Der Luftballon will an die frische Luft
Wart ihr schon mal auf einem Jahrmarkt? Dann kennt ihr vielleicht diese großen Heliumballons, die aussehen wie ein Tier oder irgendein Lieblingscharakter aus dem neusten Disneyfilm. Wie fast alle Kinder wollte natürlich auch ich unbedingt so einen haben, denn wie toll ist bitte eine Micky Mouse in Überlebensgröße, der auch noch fliegen kann? Sehr toll nämlich! Und dann war es soweit meine Eltern bezahlten mir meinen neunen fliegenden Freund und der Verkäufer überreicht mir diesen Heliumschatz mit den Worten „Bloß nicht loslassen!“
Ach ja, die neu gewonnene Freude verflog eben so schnell wie sie gekommen war, als mir klar wurde, dass ich diesen Ballon wirklich unter keinen Umständen loslassen sollte. Und wie konnte es auch anders sein, so sah ich ein paar Meter weiter vor mir wie einem Kind genau dieses Missgeschick passierte und sein schöner Elefanten-Ballon stieg hoch in die Lüfte und das Kind war untröstlich. Dieses Erlebnis nahm ich mir zum Anlass auf meine Micky Mouse besonders gut aufzupassen und egal was passierte bloß nicht loszulassen. Doch was ist der Preis, den ich zahle etwas mit aller Kraft festzuhalten?

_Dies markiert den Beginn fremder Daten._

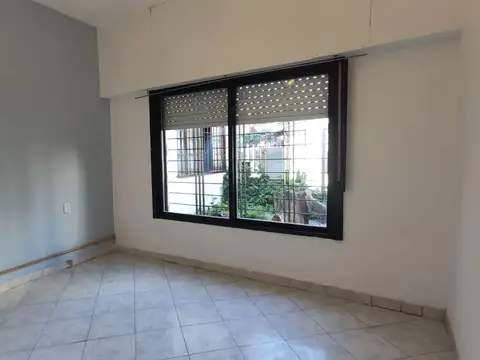 Depto Tipo Casa en Alquiler de 3 ambientes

Je länger wir über den Jahrmarkt gingen, fühlte ich mich zunehmend angespannt und konnte meine Freude gar nicht mehr genießen. Ich verbot mir den Blick vom Ballon abzuwenden und verpasste den Zuckerwattestand, das Bällebad und die Achterbahn. Ich war so fokussiert auf den Ballon, dass ich meine Umgebung nicht mehr wahrnahm. Ich wurde wütend, weil ich die ganze Zeit aufpassen musste nicht über irgendeinen Stein zu stolpern. Ich hörte auf mich in windige Gebiete zu begeben und blieb dort, wo es sicher für uns beide war. Ach wäre es nicht schön diesen Ballon einer anderen Person zu geben, die darauf aufpassen kann während ich wieder sorglos draußen Spielen kann und diese ganzen Fahrgeschäfte ausprobiere. Ja das wäre schön. Nach ein paar angestrengten Stunden kamen wir wieder daheim an und ich konnte den Ballon sicher in meinem Zimmer deponieren. Dort schwebte er vor sich hin und erinnerte mich an diesen Tag. Ich frage mich, ob ich wohl mehr Spaß gehabt hätte, wenn ich ihn einfach losgelassen hätte?
Heute viele Jahre später halte ich keinen Micky Mouse Ballon mehr in der Hand und dennoch habe ich die Angst etwas loszulassen nie verloren. Viel lieber möchte ich die Menschen, Gefühle, Gedanken, Dinge für immer festhalten. Wer wäre ich ohne sie? Doch ich merke wie ich in der Wut, der Trauer, der Unzufriedenheit, der Vergangenheit hängen bleibe. Ich habe das Gefühl dieses Festhalten bremst mich und hält mich zurück. Es ist eine Last auf meinen Schultern, die mich runterdrückt und ich fühle mich schwer. So wie ich damals diesen Luftballon festgehalten habe, werde auch ich jetzt festgehalten. Es ist als wäre ich jetzt der Ballon. Dabei habe ich mich selbst an diese Hand gebunden. Warte, heißt das, dass ich mich dann auch freilassen kann?
„Durch dein Loslassen geht die Vergangenheit nicht verloren, sie wird dadurch auch nicht weggeworfen, sondern vielmehr einfach nur ins richtige Licht gerückt. Loslassen ermöglicht dir, erneut in der Gegenwart zu leben.“ (Chuck Spezzano, Karten der Erkenntnis)
Diese schlauen Worte sind mir heute über den Weg gelaufen und haben mich sehr berührt. Loslassen heißt nicht so zu tun als wäre der Ballon nie dagewesen. Es heißt anzuerkennen, dass er da war und ich mich anfangs sehr darüber gefreut habe und jetzt erkenne, dass ich ihn doch lieber freilassen möchte. Vielleicht fühle ich mich zu Beginn unwohl. Ganz bestimmt, aber auch das wird vorübergehen und ich kann endlich wieder aufatmen. Der Ballon ist weg und ich kann endlich wieder tanzen.